YOUR OBJECTIVE
Write out again only the lines running from the one that contains "LeBron James has" to the end of the records below, including both the first and the last.

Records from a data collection
┄┄┄┄┄┄┄┄┄┄
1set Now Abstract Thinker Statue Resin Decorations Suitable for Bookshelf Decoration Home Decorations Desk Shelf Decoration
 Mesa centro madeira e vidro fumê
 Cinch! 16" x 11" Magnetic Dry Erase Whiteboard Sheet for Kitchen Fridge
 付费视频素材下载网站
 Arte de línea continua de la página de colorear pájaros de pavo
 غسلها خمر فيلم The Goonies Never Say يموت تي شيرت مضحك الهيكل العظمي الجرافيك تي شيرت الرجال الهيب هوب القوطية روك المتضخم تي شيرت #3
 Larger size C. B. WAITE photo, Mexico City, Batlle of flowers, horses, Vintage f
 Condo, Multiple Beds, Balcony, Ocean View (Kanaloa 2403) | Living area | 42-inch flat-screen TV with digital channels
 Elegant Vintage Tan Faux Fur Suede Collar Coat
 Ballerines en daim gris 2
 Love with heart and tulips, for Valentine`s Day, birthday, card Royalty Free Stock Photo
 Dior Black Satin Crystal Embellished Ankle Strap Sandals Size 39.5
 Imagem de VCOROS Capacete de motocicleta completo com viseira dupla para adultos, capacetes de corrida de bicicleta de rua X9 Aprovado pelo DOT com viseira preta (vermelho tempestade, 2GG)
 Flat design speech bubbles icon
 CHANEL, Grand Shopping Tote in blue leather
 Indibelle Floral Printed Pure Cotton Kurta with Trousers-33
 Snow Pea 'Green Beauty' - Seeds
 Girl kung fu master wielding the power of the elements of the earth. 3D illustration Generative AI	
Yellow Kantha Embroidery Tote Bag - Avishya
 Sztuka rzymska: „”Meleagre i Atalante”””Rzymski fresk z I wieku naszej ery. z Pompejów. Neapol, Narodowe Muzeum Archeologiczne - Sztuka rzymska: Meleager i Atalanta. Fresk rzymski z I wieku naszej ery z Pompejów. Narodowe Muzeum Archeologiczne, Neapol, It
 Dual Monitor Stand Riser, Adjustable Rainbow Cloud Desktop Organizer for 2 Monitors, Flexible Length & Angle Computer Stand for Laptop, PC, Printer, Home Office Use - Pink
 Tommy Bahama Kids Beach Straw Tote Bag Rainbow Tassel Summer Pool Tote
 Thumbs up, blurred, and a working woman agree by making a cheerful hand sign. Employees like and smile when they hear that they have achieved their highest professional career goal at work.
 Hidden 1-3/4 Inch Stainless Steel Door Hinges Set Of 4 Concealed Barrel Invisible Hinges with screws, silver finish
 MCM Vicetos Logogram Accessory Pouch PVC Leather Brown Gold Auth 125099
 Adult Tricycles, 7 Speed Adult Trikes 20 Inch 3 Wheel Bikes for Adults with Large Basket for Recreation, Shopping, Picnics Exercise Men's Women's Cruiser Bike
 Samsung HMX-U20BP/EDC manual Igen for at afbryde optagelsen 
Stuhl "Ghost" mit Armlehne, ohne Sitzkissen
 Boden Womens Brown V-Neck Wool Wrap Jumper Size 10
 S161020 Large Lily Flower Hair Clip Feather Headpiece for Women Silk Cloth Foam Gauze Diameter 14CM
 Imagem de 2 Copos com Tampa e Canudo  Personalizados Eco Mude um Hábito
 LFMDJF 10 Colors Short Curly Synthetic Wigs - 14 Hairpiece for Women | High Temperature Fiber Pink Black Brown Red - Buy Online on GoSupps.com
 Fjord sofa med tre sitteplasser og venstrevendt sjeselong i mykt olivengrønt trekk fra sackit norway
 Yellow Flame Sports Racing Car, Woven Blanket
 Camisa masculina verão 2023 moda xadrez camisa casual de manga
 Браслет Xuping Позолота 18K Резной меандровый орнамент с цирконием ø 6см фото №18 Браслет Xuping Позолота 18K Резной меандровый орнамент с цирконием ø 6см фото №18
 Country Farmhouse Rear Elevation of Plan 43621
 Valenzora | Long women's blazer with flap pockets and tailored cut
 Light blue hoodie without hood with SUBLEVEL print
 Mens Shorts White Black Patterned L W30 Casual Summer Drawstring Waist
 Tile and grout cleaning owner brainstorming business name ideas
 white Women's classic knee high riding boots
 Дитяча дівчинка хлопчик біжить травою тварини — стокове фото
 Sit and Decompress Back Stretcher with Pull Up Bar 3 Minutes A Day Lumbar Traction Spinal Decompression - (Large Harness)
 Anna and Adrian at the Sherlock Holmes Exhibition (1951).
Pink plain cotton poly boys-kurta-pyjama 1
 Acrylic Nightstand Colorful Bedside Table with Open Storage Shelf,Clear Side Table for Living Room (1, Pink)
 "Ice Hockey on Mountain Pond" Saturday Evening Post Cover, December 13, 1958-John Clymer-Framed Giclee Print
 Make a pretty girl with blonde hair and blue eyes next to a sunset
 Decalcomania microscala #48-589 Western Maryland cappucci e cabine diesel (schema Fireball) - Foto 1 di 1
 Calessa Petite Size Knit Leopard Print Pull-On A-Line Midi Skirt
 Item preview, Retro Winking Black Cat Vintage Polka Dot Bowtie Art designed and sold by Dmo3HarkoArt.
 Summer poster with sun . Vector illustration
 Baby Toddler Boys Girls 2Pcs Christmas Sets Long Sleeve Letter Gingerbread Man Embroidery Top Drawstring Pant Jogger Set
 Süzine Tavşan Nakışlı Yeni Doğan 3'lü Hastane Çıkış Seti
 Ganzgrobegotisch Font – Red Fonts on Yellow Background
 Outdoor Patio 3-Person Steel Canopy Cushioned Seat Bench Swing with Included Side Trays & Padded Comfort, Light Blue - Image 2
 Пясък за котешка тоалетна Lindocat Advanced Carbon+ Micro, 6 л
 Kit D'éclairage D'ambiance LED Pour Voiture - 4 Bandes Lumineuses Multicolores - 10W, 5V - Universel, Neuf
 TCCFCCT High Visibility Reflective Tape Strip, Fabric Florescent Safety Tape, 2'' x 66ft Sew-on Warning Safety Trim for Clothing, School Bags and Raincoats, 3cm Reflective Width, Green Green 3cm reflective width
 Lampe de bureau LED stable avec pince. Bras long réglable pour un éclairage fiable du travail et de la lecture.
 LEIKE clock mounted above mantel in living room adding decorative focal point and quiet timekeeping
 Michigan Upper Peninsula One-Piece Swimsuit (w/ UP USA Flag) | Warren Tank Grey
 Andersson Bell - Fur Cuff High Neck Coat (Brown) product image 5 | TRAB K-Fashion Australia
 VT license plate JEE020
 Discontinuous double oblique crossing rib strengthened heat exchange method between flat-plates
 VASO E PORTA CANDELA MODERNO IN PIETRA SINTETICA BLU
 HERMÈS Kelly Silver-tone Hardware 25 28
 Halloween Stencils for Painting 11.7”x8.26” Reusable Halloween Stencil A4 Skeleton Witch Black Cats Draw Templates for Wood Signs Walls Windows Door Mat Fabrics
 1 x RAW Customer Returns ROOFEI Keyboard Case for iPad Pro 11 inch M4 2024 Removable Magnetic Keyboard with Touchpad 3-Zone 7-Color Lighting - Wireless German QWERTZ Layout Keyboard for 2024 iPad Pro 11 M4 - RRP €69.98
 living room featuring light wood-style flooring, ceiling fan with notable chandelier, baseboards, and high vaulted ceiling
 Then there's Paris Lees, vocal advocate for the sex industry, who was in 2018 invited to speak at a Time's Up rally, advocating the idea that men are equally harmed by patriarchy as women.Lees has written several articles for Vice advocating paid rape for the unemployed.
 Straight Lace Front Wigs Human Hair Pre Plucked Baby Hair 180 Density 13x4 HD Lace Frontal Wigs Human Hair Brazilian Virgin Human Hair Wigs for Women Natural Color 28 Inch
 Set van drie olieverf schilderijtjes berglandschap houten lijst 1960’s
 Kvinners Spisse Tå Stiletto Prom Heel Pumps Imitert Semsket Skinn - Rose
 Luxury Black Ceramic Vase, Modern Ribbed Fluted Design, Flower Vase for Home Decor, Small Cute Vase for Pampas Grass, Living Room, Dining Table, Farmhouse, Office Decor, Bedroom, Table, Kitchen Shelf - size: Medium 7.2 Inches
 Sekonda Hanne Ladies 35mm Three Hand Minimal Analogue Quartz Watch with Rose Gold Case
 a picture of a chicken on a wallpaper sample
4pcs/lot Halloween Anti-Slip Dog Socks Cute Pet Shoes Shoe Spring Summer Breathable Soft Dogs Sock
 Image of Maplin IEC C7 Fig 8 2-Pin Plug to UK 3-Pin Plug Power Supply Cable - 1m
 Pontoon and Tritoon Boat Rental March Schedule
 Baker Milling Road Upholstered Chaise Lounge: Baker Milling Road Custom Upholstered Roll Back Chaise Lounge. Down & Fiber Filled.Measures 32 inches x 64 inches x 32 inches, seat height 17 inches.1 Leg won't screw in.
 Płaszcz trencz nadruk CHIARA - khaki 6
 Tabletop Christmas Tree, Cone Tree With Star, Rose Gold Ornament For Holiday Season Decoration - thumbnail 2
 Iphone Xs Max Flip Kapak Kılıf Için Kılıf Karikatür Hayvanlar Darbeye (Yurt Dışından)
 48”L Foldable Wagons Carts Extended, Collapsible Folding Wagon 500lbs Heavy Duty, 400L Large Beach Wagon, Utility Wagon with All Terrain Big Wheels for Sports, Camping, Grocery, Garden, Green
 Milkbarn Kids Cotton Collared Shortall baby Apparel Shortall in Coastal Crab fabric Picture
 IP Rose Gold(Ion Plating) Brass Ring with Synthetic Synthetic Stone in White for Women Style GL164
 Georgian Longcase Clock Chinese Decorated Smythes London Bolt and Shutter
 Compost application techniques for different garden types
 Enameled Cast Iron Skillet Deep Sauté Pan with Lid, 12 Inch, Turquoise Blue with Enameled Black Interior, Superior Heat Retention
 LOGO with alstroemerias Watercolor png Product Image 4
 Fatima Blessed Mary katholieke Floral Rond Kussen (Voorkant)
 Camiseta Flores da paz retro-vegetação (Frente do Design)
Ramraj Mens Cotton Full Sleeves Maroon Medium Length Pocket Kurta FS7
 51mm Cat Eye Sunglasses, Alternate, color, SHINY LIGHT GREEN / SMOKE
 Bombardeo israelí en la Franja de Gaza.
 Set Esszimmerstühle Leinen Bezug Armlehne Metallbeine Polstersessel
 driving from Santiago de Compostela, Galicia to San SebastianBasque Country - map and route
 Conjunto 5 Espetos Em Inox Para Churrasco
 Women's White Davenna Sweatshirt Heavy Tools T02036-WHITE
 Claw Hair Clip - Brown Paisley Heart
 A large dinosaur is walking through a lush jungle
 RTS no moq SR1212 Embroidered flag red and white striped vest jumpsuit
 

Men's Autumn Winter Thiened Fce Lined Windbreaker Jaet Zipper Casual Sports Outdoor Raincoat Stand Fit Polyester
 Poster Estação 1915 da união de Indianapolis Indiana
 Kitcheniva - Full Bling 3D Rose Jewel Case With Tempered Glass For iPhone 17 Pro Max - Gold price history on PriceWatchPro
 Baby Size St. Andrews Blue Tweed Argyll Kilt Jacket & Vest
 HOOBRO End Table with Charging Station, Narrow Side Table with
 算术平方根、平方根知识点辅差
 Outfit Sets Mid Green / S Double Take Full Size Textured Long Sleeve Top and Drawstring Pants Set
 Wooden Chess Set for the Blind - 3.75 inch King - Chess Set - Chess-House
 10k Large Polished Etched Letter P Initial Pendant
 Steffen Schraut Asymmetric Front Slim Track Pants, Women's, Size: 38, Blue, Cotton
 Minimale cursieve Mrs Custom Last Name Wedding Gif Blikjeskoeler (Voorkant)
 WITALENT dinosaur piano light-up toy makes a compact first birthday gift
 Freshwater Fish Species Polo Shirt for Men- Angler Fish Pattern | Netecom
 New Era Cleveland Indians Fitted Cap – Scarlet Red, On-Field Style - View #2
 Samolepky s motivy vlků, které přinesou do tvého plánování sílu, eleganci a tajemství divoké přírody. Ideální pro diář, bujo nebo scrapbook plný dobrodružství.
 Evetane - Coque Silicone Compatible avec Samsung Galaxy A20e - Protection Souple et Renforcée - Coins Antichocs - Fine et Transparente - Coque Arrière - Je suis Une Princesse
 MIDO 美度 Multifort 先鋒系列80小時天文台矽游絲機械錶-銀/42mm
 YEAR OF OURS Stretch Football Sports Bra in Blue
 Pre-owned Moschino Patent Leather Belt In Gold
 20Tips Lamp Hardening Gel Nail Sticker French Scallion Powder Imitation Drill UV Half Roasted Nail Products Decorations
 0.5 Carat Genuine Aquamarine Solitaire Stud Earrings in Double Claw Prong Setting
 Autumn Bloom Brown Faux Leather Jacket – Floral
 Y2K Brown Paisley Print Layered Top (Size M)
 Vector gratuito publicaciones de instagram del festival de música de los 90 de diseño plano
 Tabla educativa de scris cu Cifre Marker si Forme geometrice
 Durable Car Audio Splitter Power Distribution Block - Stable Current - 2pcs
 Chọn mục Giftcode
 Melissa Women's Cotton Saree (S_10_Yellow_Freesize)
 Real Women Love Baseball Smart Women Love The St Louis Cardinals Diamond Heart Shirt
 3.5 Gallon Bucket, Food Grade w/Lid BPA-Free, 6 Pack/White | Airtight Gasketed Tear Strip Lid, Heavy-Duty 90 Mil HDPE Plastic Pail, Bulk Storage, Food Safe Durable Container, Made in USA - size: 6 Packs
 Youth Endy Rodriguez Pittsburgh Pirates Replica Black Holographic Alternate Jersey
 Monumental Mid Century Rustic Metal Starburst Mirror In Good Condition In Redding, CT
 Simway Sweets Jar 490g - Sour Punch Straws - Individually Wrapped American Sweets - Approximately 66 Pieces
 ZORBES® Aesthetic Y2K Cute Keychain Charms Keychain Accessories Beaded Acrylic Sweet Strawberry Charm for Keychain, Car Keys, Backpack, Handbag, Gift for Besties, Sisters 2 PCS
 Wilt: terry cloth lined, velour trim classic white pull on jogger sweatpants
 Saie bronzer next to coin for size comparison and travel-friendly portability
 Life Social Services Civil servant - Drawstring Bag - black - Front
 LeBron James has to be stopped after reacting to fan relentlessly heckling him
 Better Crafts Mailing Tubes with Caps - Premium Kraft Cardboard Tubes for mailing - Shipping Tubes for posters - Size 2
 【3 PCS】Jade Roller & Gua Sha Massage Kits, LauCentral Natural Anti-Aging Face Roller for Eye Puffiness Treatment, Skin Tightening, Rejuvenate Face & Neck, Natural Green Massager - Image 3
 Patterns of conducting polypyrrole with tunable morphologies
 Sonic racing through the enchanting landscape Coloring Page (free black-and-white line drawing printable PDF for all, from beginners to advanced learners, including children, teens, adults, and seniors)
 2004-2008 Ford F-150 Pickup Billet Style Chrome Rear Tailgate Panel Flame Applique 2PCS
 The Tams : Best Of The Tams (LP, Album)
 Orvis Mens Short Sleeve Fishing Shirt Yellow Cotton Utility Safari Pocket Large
┄┄┄┄┄┄┄┄┄┄
EXERCISE ANSWER
 LeBron James has to be stopped after reacting to fan relentlessly heckling him
 Better Crafts Mailing Tubes with Caps - Premium Kraft Cardboard Tubes for mailing - Shipping Tubes for posters - Size 2
 【3 PCS】Jade Roller & Gua Sha Massage Kits, LauCentral Natural Anti-Aging Face Roller for Eye Puffiness Treatment, Skin Tightening, Rejuvenate Face & Neck, Natural Green Massager - Image 3
 Patterns of conducting polypyrrole with tunable morphologies
 Sonic racing through the enchanting landscape Coloring Page (free black-and-white line drawing printable PDF for all, from beginners to advanced learners, including children, teens, adults, and seniors)
 2004-2008 Ford F-150 Pickup Billet Style Chrome Rear Tailgate Panel Flame Applique 2PCS
 The Tams : Best Of The Tams (LP, Album)
 Orvis Mens Short Sleeve Fishing Shirt Yellow Cotton Utility Safari Pocket Large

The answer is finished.